Say adieu to the state’s aggressive goal of reducing energy use by 20 percent by 2020, a target once considered crucial to achieving equally ambitious goals in curbing greenhouse gas emissions.
The state expects to achieve far fewer reductions in energy use — at least in the short-term — from consumers and businesses as a result of changes it is proposing to its clean energy program.
In a straw proposal outlining its spending plans from 2014-2017, the state Office of Clean Energy estimates it will cut energy consumption by 17 percent by 2020, a 3 percent decline from an earlier goal in the Energy Master Plan adopted by the Corzine administration.
Reflecting the goals outlined in the new Energy Master Plan adopted by the Christie administration, the straw proposal “addresses the potential transition from a majority of rebate-incentive programs to a balance of rebates and financing programs, such as revolving programs . . . and alternate funding mechanisms.’’
Beyond cutting ambitious energy conservation goals, the straw proposal is important because it has a significant impact on consumer and business utility bills. The clean energy program is almost entirely funded by a surcharge on ratepayers’ gas and electric bills. From 2001-2012, those charges totaled more than $2.4 billion.
The costs are not expected to decline much in the straw proposal suggested by the Office of Clean Energy, which projects approximately $2 billion in spending over the next four years.
The impact of the surcharges on residential customers’ bill is projected to run about $22.39 a year; for midsized commercial and industrial customers approximately $4,231.52 annually; and for larger commercial and industrial facilities at least $11,763 each year.
The increases in electric and gas bills in a state already saddled with some of the highest energy bills in the nation has led to widespread criticism of the surcharges, dubbed the societal benefit charge (SBC), particularly from business customers who bear about 60 percent of the program’s costs.
Clean energy advocates echoed those concerns, criticizing the Christie administration for using ratepayers’ funds to plug holes in state budgets in recent years.
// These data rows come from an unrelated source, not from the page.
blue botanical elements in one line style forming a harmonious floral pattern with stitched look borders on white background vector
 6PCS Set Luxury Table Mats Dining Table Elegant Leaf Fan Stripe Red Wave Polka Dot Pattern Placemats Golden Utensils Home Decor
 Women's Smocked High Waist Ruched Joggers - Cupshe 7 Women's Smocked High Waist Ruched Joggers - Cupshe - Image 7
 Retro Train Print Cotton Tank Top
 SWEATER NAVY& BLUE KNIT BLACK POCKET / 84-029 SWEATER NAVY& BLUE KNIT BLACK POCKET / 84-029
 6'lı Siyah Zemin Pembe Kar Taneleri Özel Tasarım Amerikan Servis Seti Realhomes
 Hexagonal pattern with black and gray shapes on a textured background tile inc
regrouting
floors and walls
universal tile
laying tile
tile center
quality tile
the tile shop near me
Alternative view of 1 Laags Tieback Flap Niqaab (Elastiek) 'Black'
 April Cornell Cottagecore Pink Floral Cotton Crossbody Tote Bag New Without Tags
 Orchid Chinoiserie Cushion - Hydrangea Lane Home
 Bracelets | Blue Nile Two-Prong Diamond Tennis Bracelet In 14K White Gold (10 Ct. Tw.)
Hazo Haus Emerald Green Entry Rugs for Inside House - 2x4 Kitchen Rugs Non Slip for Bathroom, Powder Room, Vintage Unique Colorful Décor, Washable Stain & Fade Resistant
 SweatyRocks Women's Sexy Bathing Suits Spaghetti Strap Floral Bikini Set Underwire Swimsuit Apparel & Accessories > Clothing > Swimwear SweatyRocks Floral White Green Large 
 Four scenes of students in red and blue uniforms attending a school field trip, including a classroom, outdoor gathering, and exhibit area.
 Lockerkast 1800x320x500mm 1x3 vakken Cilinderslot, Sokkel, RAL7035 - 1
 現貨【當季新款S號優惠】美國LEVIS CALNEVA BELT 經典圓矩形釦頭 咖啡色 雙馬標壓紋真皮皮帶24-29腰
The most recent clean energy budget indicates that $313 million in clean energy funds were used to help balance the state budget.
Even with increased money allocated for clean energy funds, some environmentalists questioned whether the money would be there to finance renewable energy and energy efficiency projects.
“Given the administration’s performance to date in raiding clean energy funds, I’m skeptical anything will reverse that record,’’ said Dave Pringle, campaign director of the New Jersey Environmental Federation.
Industry lobbyists were just as upset about the straw proposal, saying that even though they contributed the majority of funding for clean energy programs, they have gotten short shrift in the past.
“We haven’t been getting our fair share,’’ said Hal Bozarth, executive director of the Chemistry Industry Council. “I have always had problems with the way the program was run in the past. As bad as it was before, it makes it worse.’’
Michael Egenton, a senior vice president of the New Jersey State Chamber of Commerce, also said the state needs to look at the subsidies it awards clean energy programs.
“There’s point in time when you have to push them out of the boat and let them swim for themselves,’’ Egenton said.
There will be a public hearing on the straw proposal on Friday, beginning at 10 a.m. at the office of the Board of Public Utilities in Trenton.